His smile faded a bit and he looked away. “They’re dead.”
“Oh. I’m sorry. How did they die?”
“They just did. Sometimes people die for no good reason.”
She thought this was an odd answer. She felt awkward after that, like she had committed some breach of etiquette, and didn’t know what to say.
They rode on in silence for a while, until he said, “Her name was Sophie. She was very beautiful, my mother. She had long fingers. She used to say they were her secret when she played Rachmaninoff. She had great plans for me. She wanted me to grow up to be a famous doctor, not the kind who sees patients. She said anybody could do that. She wanted me to do research and make discoveries and get my name in the history books.”
“Is that what you wanted?”
“No. Or rather I didn’t know what I wanted. I suppose I just wanted to make her happy.”
“And what about your father?”
“He was an educated man. He read to me when I was little and taught me to play chess and told me scary stories.”
She laughed. “What kind of stories?”
“Mostly ones about dybbuks and golems and vampires.”
“Weren’t you frightened?”
“Of course, but that was the point. I wanted to be frightened. Once he told me about the blue man who lived under our house. I used to dream about him. I remember he had sharp teeth and an evil smile. I wasn’t sure what he wanted, but I was pretty sure he was up to no good. After that I wouldn’t go to sleep without a lamp. My father took me
under the house to show me there was no one there, but it didn’t do any good. I still wouldn’t go to bed without the lamp.”
“And what happened to him?”
“The blue man? I expect he’s still there.”
“Under the house?”
He looked out across a field where peasants in belted tunics were moving up the furrows in careless concert, their long-handled scythes cutting swaths of ripe wheat, their heads bent to the task.
“Under every house.”
THAT NIGHT, Berta stood by the window brushing out her hair and looking down into the street. There was a peddler coming home from the road. He wore a shabby overcoat and carried a bundle on his back. The torn lining of his overcoat dragged on the ground behind him. Usually the peddlers stayed out until Friday afternoon, when they came home for Shabbes, but this one was coming home early, exhausted, shoulders slumped against his luckless life. She stood there not really seeing him, but thinking of Hershel, of his parents, and wondering how they died.
She put her brush on the nightstand and climbed into bed next to Lhaye, who was already asleep. She closed her eyes and soon she too was asleep—dreaming that she was a little girl playing in the yard behind the grocery with a caterpillar on a stick. She was sitting in the dirt watching it inch up to one end of the stick and then turning the stick upside down, watching it inch back up again. Someone called her name and she looked over at the crawl space under the building. There she saw a face grinning back at her from out of the darkness. It called her over. She didn’t like the look of its teeth. They were sharp and very white against the gleam of its blue skin.
Chapter Three
December 1904
WHEN BERTA arrived at the women’s bathhouse, she knew that it was silly to hope for clean water. The water was rarely changed and always an unusual shade of green. In fact, the whole place smelled of the fecundity of a healthy swamp. Even the little foyer smelled of overripe vegetation.
Berta climbed the steps of the raw-boned building, opened the door, and stepped inside. The bath keeper’s wife was sitting on a chair in the overheated foyer with her knitting on her lap. She was making a blanket for her grandchild, and although it wasn’t even finished yet, it was already dirty from the coins she handled all day long.

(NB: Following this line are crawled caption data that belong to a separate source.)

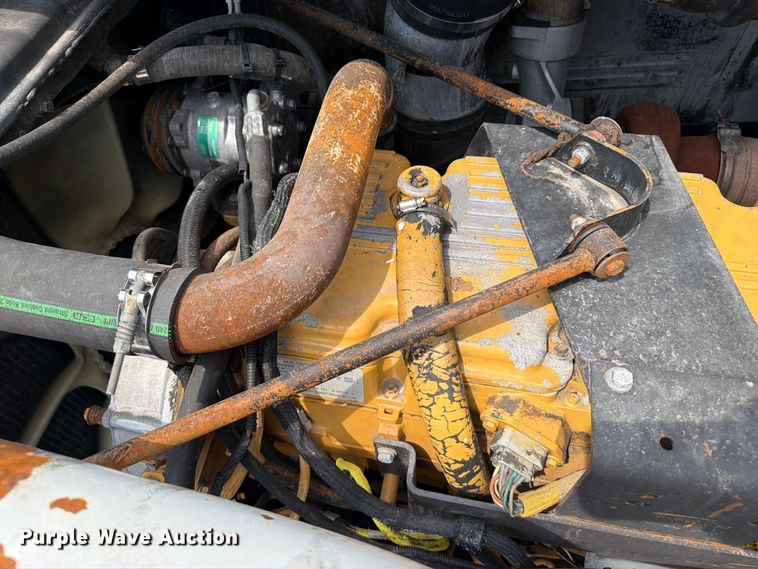 image for item FB5043 1997 Peterbilt 357 vacuum truck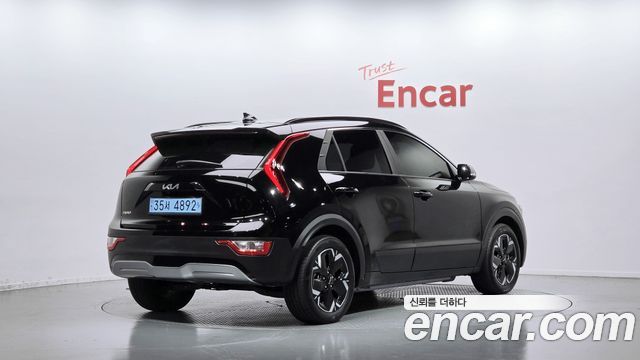 Kia Niro 2024 — photo 2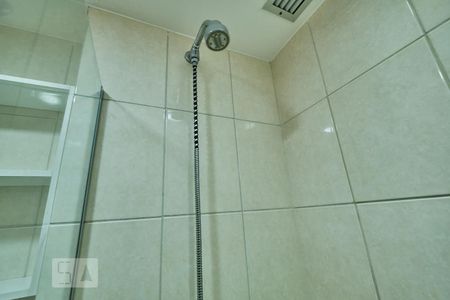 Apartamento à venda com 81m², 3 quartos e 1 vaga Apartamento à venda com 81m², 3 quartos e 1 vagaBanheiro Social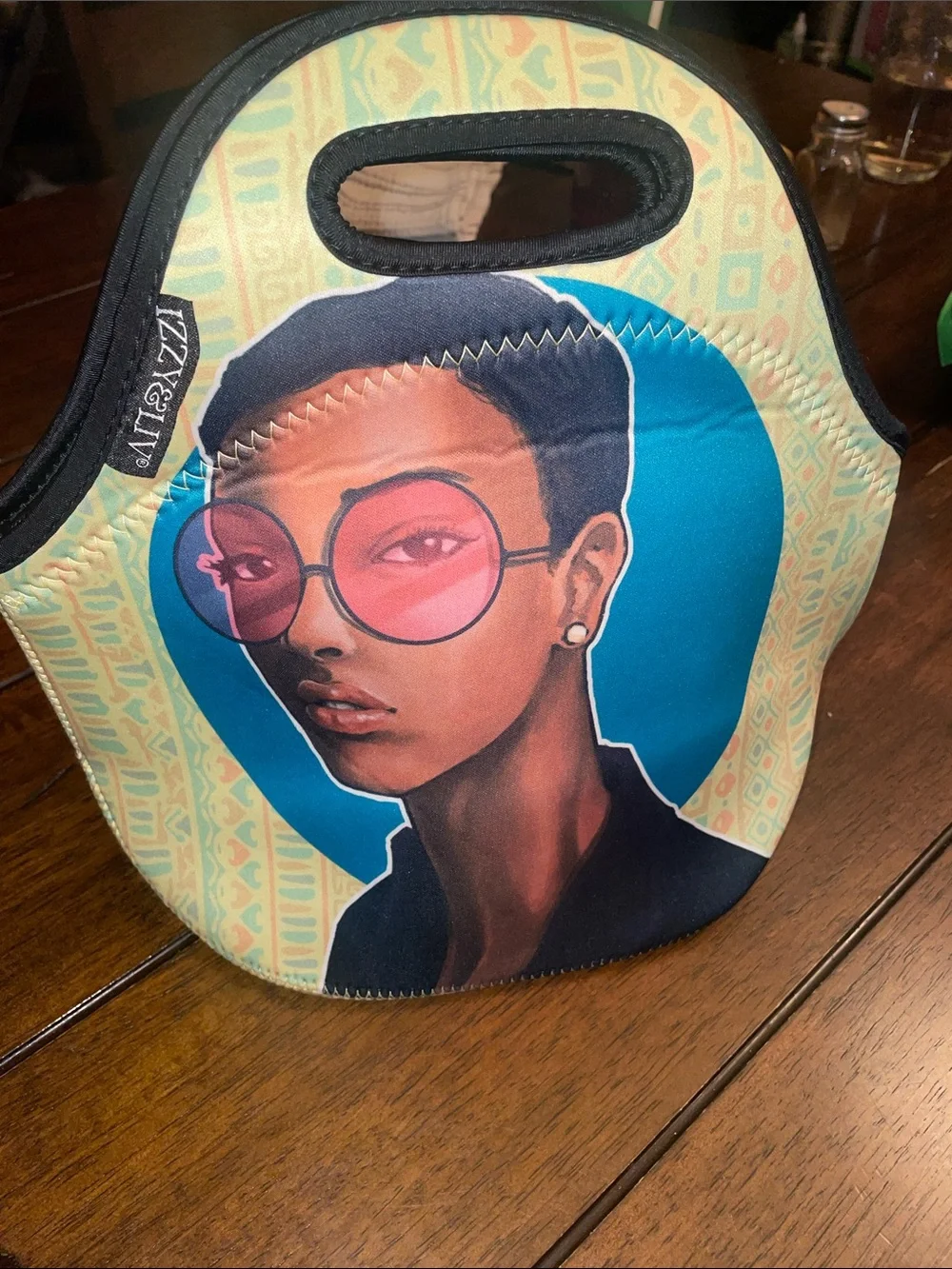 Izzy & Liv Neoprene Lunch Tote with Portrait Graphic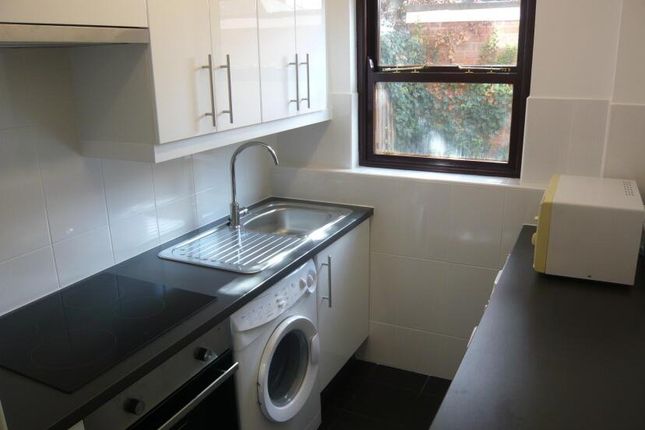 6, Leicester photo 2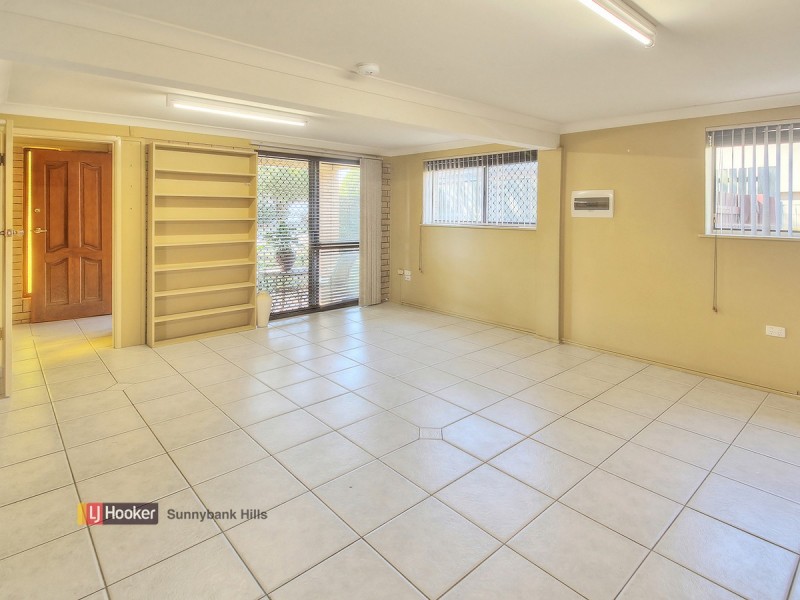 10 Manzill Street, Sunnybank Hills QLD 4109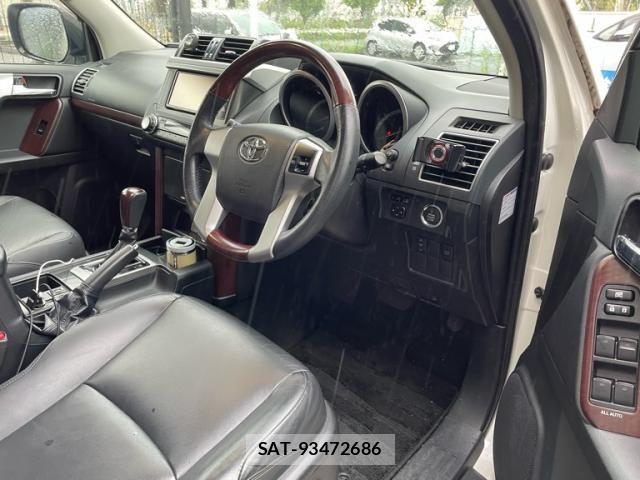 Toyota LAND CRUISER PRADO 2017-03 8743190-8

The old woman looked up at the door and frowned. “It’s not closed all the way,” she said, drawing her shawl up around her shoulders.
Berta turned back to the door and slammed it shut. Then she stepped forward, dug into her pocket for the ten-kopeck coin, and handed it over. “Is the bath clean today?”
“Of course it is clean. It is always clean. I clean it myself.” Her eyes were the color of the bathwater and her mouth was a line of disappointment sunk into the cavity between her cheeks. Berta didn’t argue. Instead she took the towel that was offered, so thin it was nearly transparent.